Rule for Venture Capital: Invest in companies with the potential to return the value of the entire fund

By | Nonlinearity, Tech

(Excerpt from Zero to One by Peter Thiel)

Our results at Founders Fund illustrate this skewed pattern: Facebook, the best investment in our 2005 fund, returned more than all the others combined. Palantir, the second-best investment, is set to return more than the sum of every other investment aside from Facebook. This highly uneven pattern is not unusual: we see it in all our other funds as well. The biggest secret in venture capital is that the best investment in a successful fund equals or outperforms the entire rest of the fund combined.

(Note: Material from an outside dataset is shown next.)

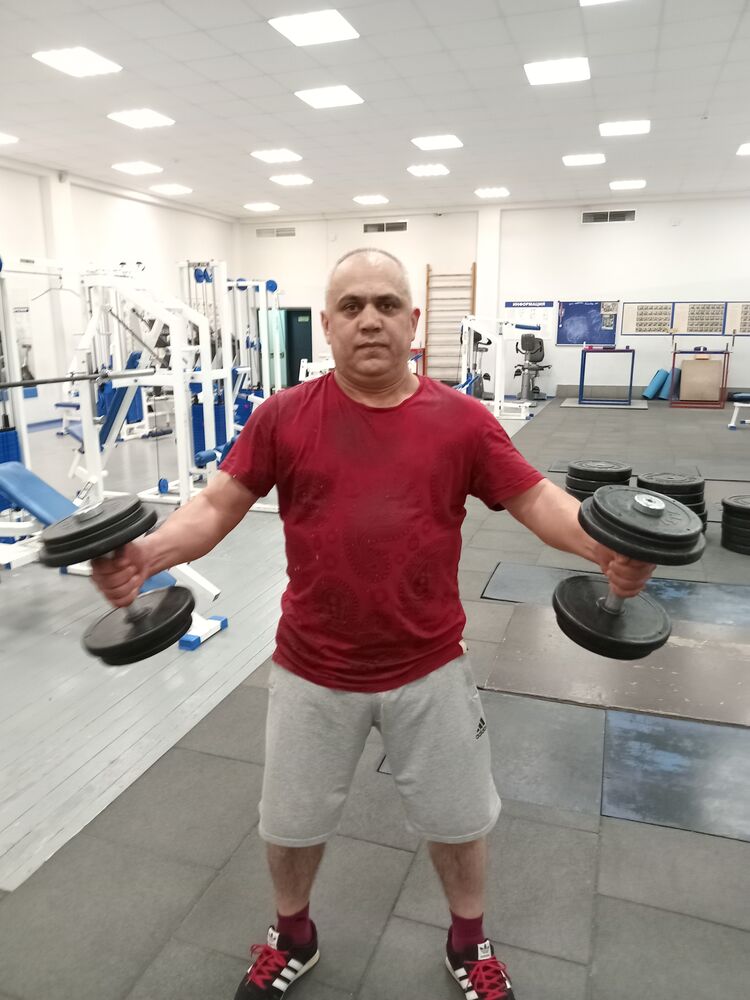  42234740  Vartan, 48 ,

This implies two very strange rules for VCs. First, only invest in companies that have the potential to return the value of the entire fund. This is a scary rule, because it eliminates the vast majority of possible investments. (Even quite successful companies usually succeed on a more humble scale.) This leads to rule number two: because rule number one is so restrictive, there can’t be any other rules.

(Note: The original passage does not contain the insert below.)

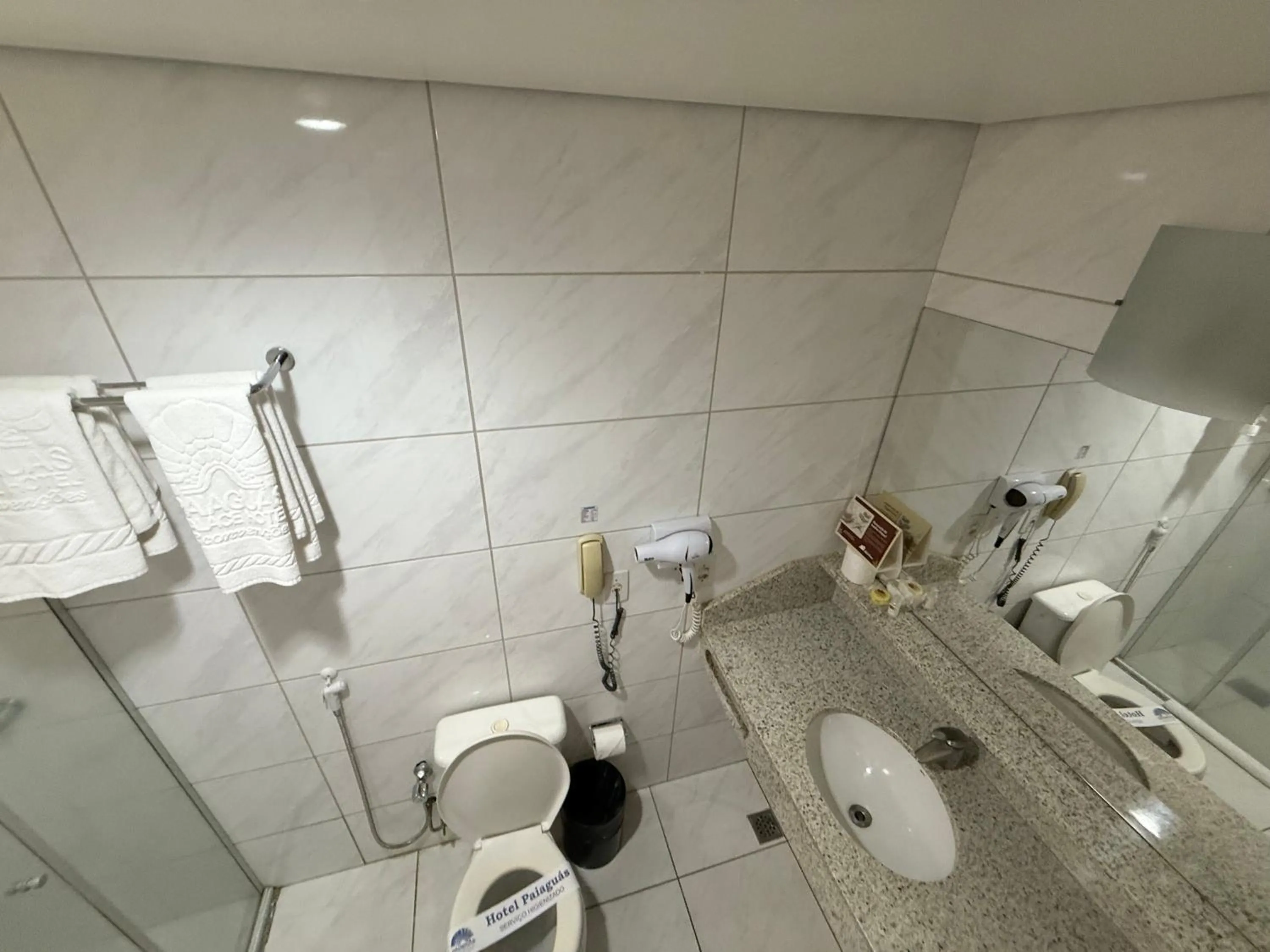 Shower in Paiaguás Palace Hotel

Consider what happens when you break the first rule. Andreessen Horowitz invested $250,000 in Instagram in 2010. When Facebook bought Instagram just two years later for $1 billion, Andreessen netted $78 million—a 312x return in less than two years. That’s a phenomenal return, befitting the firm’s reputation as one of the Valley’s best. But in a weird way it’s not nearly enough, because Andreessen Horowitz has a $1.5 billion fund: if they only wrote $250,000 checks, they would need to find 19 Instagrams just to break even. This is why investors typically put a lot more money into any company worth funding. (And to be fair, Andreessen would have invested more in Instagram’s later rounds had it not been conflicted out by a previous investment.) VCs must find the handful of companies that will successfully go from 0 to 1 and then back them with every resource.

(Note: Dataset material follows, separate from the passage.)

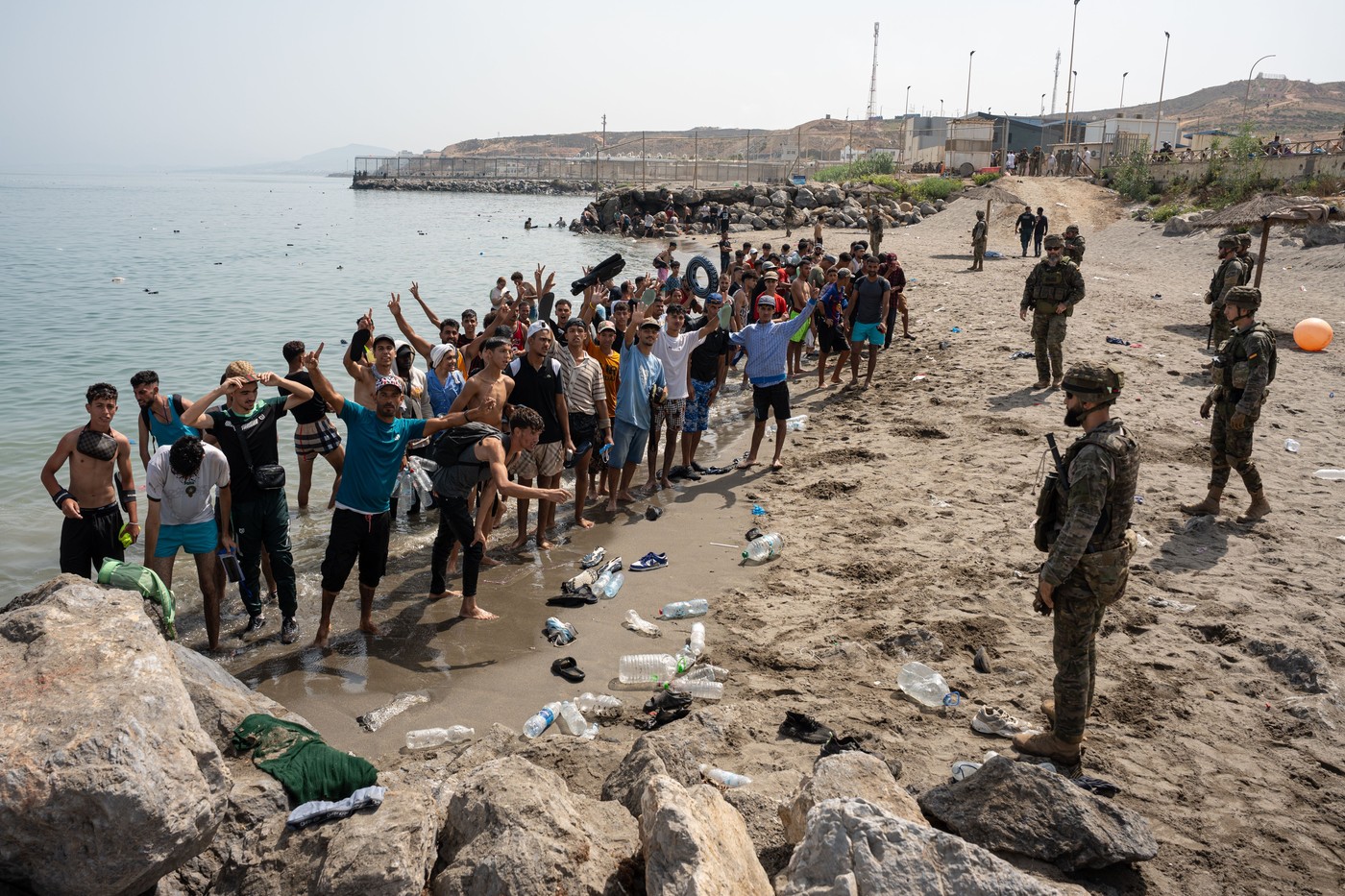 Magnus Brunner: Imaginile cu migranții din Ceuta alimentează discursul extremei drepte în Europa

Of course, no one can know with certainty ex ante which companies will succeed, so even the best VC firms have a “portfolio.” However, every single company in a good venture portfolio must have the potential to succeed at vast scale. At Founders Fund, we focus on five to seven companies in a fund, each of which we think could become a multibillion-dollar business based on its unique fundamentals. Whenever you shift from the substance of a business to the financial question of whether or not it fits into a diversified hedging strategy, venture investing starts to look a lot like buying lottery tickets. And once you think that you’re playing the lottery, you’ve already psychologically prepared yourself to lose.